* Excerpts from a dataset
※ ※ ※

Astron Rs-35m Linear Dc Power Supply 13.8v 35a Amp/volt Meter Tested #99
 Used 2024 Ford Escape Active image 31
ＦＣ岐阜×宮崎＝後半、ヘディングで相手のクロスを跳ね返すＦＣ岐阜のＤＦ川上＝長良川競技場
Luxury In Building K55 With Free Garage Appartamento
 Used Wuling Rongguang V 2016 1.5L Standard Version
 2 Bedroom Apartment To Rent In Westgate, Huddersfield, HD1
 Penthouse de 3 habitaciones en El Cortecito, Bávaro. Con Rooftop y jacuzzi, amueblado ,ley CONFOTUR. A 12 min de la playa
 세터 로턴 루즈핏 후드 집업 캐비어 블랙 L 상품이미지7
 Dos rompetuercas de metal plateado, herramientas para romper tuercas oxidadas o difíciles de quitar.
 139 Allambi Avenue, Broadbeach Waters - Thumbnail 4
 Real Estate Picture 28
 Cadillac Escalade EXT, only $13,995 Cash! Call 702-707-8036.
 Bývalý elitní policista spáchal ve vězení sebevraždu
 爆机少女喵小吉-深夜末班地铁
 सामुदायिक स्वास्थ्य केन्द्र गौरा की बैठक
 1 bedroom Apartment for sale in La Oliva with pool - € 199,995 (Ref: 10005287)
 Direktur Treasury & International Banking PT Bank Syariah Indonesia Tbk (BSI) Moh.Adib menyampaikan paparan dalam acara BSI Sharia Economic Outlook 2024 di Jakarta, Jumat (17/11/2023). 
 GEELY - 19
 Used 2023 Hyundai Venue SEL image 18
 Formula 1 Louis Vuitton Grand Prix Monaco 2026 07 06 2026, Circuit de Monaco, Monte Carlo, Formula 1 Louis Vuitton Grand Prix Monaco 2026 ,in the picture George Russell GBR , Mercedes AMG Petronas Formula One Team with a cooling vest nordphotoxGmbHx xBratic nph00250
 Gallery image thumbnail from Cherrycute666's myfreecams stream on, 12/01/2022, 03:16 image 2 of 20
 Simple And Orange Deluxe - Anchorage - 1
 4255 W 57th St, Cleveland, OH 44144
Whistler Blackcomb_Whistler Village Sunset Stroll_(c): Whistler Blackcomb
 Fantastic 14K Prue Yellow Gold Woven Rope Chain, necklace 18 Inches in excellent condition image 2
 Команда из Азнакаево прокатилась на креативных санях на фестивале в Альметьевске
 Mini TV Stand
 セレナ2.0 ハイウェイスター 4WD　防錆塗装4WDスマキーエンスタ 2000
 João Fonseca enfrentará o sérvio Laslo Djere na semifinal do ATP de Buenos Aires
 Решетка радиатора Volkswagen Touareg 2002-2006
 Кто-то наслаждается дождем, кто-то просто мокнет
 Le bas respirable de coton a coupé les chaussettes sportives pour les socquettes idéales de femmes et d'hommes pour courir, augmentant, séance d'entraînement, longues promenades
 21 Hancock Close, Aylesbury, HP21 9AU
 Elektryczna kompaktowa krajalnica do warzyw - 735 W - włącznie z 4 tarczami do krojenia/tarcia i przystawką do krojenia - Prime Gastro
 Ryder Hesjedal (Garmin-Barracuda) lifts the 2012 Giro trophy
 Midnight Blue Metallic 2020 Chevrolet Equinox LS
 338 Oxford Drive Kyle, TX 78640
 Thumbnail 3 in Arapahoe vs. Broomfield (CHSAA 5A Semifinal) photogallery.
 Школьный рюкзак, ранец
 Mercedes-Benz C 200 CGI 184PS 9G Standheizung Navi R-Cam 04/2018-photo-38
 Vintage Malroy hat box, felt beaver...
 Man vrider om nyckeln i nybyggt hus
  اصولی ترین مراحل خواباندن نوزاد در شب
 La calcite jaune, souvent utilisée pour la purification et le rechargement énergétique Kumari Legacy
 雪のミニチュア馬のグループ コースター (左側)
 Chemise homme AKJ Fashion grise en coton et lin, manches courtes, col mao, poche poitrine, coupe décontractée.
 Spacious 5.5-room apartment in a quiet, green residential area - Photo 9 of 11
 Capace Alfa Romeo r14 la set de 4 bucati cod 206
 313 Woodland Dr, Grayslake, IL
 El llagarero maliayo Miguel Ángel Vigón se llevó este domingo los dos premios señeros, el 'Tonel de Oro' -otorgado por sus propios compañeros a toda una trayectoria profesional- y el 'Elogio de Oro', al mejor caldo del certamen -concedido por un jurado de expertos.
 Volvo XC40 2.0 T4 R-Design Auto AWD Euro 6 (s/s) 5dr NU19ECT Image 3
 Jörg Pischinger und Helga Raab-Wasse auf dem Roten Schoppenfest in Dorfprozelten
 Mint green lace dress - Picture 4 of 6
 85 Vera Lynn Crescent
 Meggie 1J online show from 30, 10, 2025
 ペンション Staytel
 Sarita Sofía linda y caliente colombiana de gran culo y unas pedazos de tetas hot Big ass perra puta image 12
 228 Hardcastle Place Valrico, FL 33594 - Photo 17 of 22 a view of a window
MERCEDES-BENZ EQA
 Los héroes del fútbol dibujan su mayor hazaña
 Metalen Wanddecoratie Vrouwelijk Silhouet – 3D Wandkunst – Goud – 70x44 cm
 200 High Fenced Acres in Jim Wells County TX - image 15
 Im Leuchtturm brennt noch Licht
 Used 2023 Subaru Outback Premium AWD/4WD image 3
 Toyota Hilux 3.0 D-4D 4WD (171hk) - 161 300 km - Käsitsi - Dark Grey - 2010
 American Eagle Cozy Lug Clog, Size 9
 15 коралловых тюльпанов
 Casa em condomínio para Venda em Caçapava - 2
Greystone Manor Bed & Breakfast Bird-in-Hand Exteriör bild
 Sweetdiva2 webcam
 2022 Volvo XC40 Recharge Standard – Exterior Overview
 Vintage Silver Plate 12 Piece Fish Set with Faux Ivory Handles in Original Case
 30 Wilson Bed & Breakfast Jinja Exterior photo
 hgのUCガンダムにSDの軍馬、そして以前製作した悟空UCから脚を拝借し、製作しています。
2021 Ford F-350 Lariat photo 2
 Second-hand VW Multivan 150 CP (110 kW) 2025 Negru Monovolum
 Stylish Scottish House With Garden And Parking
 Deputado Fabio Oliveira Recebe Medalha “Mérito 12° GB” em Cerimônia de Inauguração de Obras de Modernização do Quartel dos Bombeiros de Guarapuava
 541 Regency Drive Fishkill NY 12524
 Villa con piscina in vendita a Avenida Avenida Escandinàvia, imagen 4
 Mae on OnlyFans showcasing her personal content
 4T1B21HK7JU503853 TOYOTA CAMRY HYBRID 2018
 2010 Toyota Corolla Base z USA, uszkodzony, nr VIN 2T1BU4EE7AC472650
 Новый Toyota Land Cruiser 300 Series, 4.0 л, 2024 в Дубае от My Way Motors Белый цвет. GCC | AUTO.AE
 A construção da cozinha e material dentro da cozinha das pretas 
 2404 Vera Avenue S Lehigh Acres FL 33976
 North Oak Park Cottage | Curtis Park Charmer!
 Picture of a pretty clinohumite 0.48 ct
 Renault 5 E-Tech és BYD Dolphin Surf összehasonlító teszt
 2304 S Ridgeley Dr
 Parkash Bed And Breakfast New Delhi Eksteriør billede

※ ※ ※

* ACTIVITY
Take the line above containing "セレナ2.0 ハイウェイスター 4WD　防錆塗装4WDスマキーエンスタ 2000", the line containing "21 Hancock Close, Aylesbury, HP21 9AU", and all lines in between, and copy them exactly without anything else.

* EXERCISE RESPONSE
 セレナ2.0 ハイウェイスター 4WD　防錆塗装4WDスマキーエンスタ 2000
 João Fonseca enfrentará o sérvio Laslo Djere na semifinal do ATP de Buenos Aires
 Решетка радиатора Volkswagen Touareg 2002-2006
 Кто-то наслаждается дождем, кто-то просто мокнет
 Le bas respirable de coton a coupé les chaussettes sportives pour les socquettes idéales de femmes et d'hommes pour courir, augmentant, séance d'entraînement, longues promenades
 21 Hancock Close, Aylesbury, HP21 9AU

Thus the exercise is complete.